** Exercise objective **
The records that follow need to be printed exactly. Leave out each image.

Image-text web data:

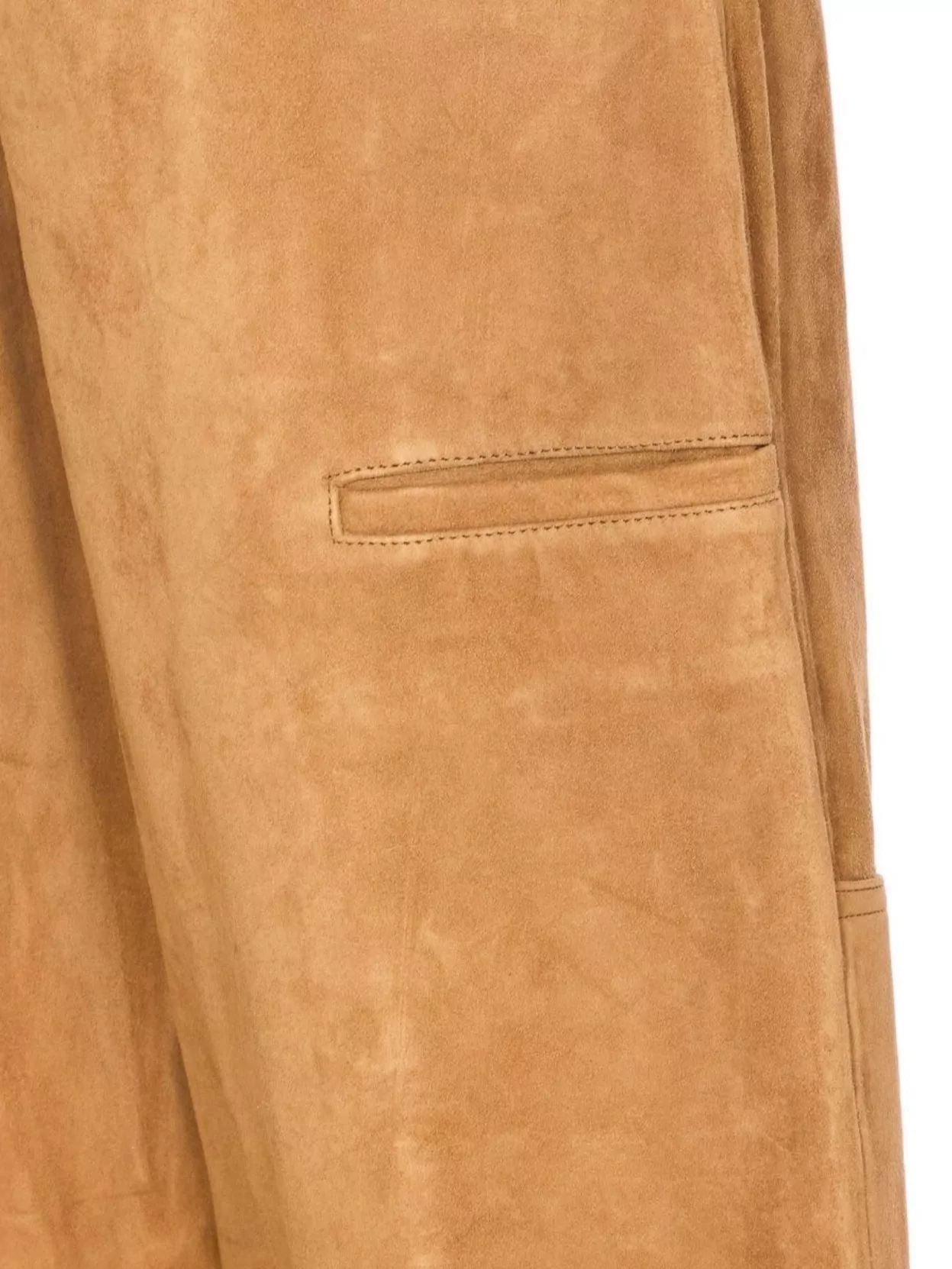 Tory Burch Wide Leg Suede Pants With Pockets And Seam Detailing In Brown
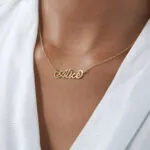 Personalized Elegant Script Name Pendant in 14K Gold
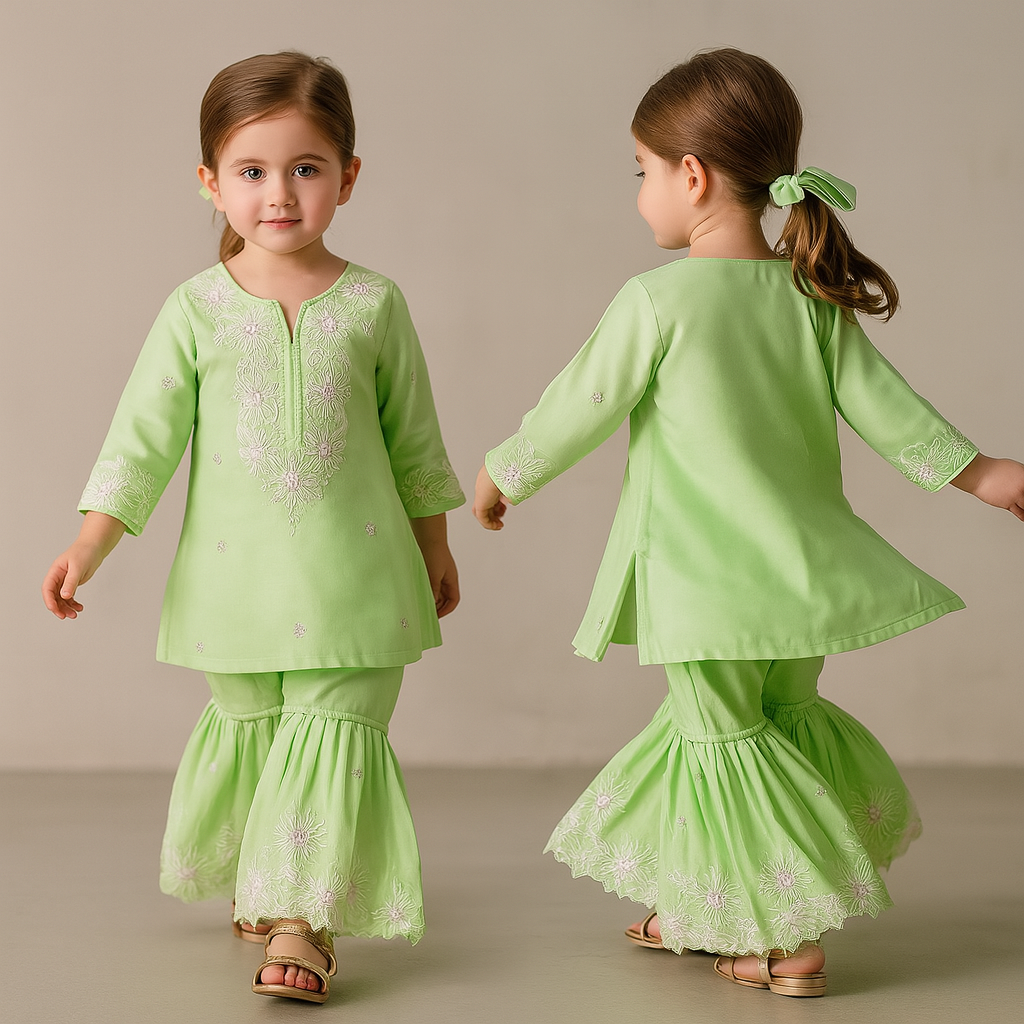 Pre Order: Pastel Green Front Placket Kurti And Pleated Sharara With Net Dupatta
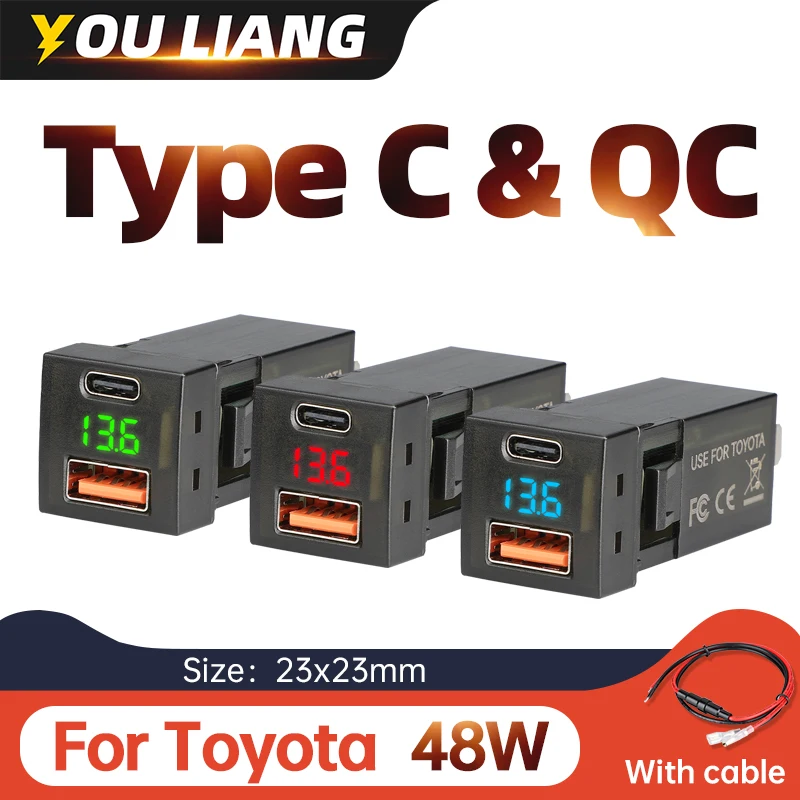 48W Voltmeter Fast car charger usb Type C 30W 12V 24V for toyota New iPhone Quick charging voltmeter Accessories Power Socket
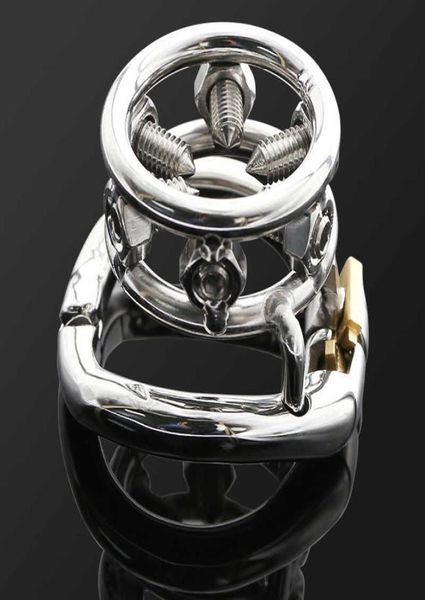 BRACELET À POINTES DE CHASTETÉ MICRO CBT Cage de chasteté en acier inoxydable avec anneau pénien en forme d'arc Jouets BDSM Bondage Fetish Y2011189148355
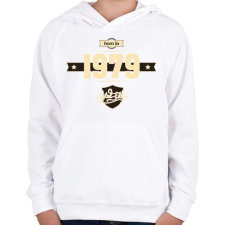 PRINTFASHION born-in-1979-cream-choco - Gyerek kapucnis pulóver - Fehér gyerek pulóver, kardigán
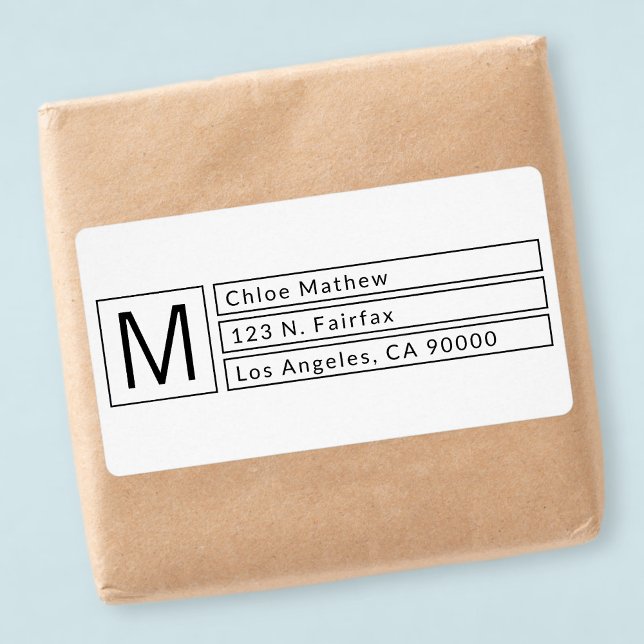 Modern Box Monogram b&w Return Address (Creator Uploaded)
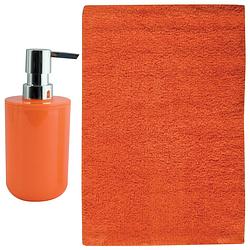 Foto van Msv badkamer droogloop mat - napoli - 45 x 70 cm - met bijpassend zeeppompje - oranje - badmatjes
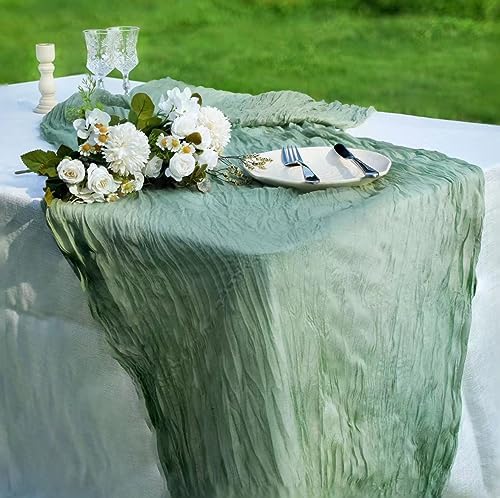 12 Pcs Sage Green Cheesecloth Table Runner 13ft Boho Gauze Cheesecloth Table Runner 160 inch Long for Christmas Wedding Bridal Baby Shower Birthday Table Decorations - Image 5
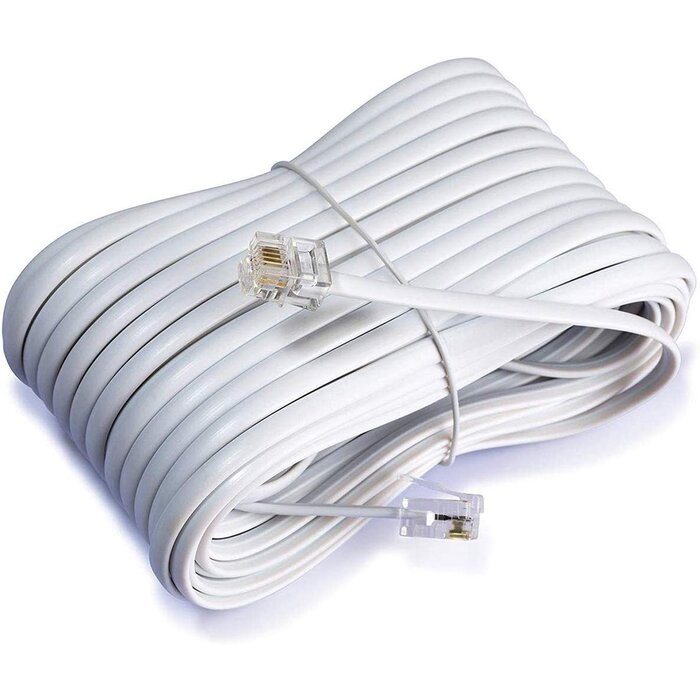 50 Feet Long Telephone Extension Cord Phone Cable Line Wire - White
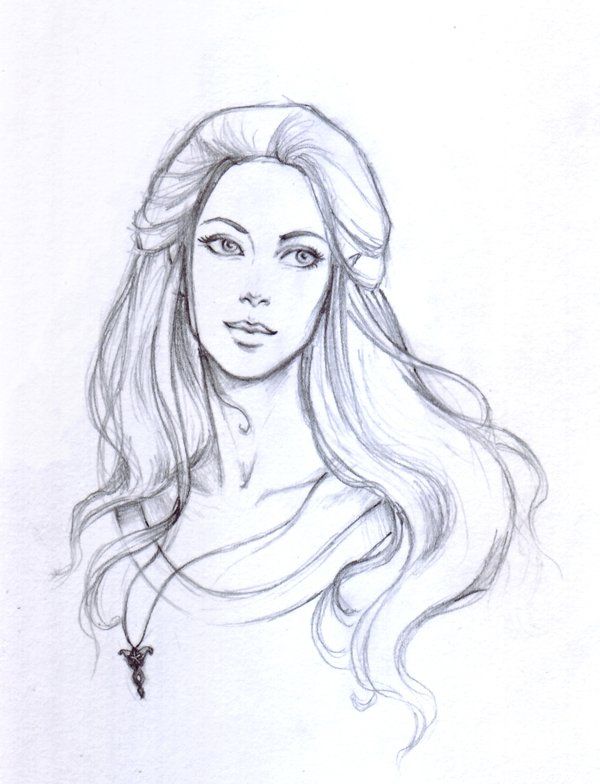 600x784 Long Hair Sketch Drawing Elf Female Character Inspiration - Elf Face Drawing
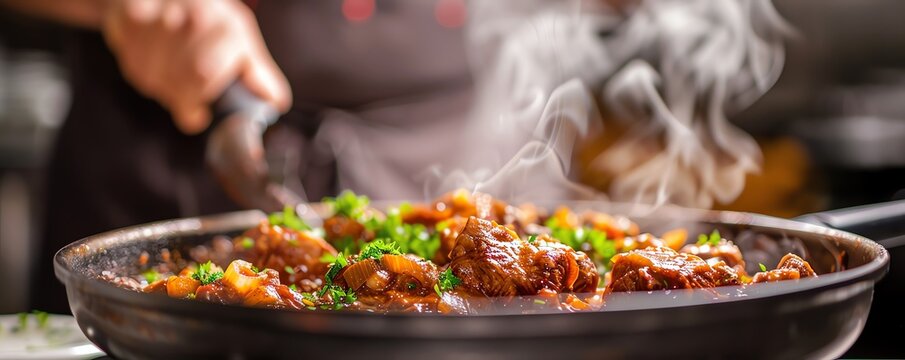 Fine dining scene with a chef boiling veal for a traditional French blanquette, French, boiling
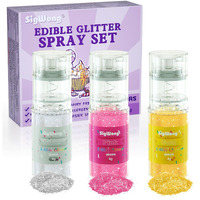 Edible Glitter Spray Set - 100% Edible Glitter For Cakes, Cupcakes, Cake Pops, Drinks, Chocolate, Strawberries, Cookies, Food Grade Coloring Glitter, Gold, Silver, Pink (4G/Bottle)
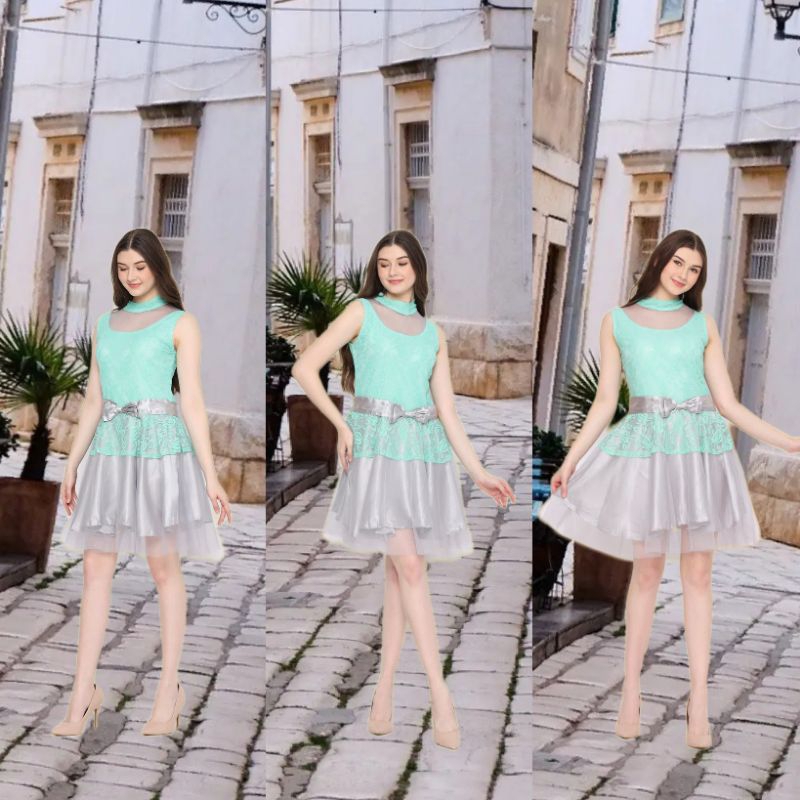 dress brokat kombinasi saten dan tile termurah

** Finished exercise **
 Tory Burch Wide Leg Suede Pants With Pockets And Seam Detailing In Brown
 Personalized Elegant Script Name Pendant in 14K Gold
 Pre Order: Pastel Green Front Placket Kurti And Pleated Sharara With Net Dupatta
 48W Voltmeter Fast car charger usb Type C 30W 12V 24V for toyota New iPhone Quick charging voltmeter Accessories Power Socket
 BRACELET À POINTES DE CHASTETÉ MICRO CBT Cage de chasteté en acier inoxydable avec anneau pénien en forme d'arc Jouets BDSM Bondage Fetish Y2011189148355
 PRINTFASHION born-in-1979-cream-choco - Gyerek kapucnis pulóver - Fehér gyerek pulóver, kardigán
 Modern Box Monogram b&w Return Address (Creator Uploaded)
 Foto van Msv badkamer droogloop mat - napoli - 45 x 70 cm - met bijpassend zeeppompje - oranje - badmatjes
 12 Pcs Sage Green Cheesecloth Table Runner 13ft Boho Gauze Cheesecloth Table Runner 160 inch Long for Christmas Wedding Bridal Baby Shower Birthday Table Decorations - Image 5
 50 Feet Long Telephone Extension Cord Phone Cable Line Wire - White
 600x784 Long Hair Sketch Drawing Elf Female Character Inspiration - Elf Face Drawing
 Fine dining scene with a chef boiling veal for a traditional French blanquette, French, boiling
 Edible Glitter Spray Set - 100% Edible Glitter For Cakes, Cupcakes, Cake Pops, Drinks, Chocolate, Strawberries, Cookies, Food Grade Coloring Glitter, Gold, Silver, Pink (4G/Bottle)
 dress brokat kombinasi saten dan tile termurah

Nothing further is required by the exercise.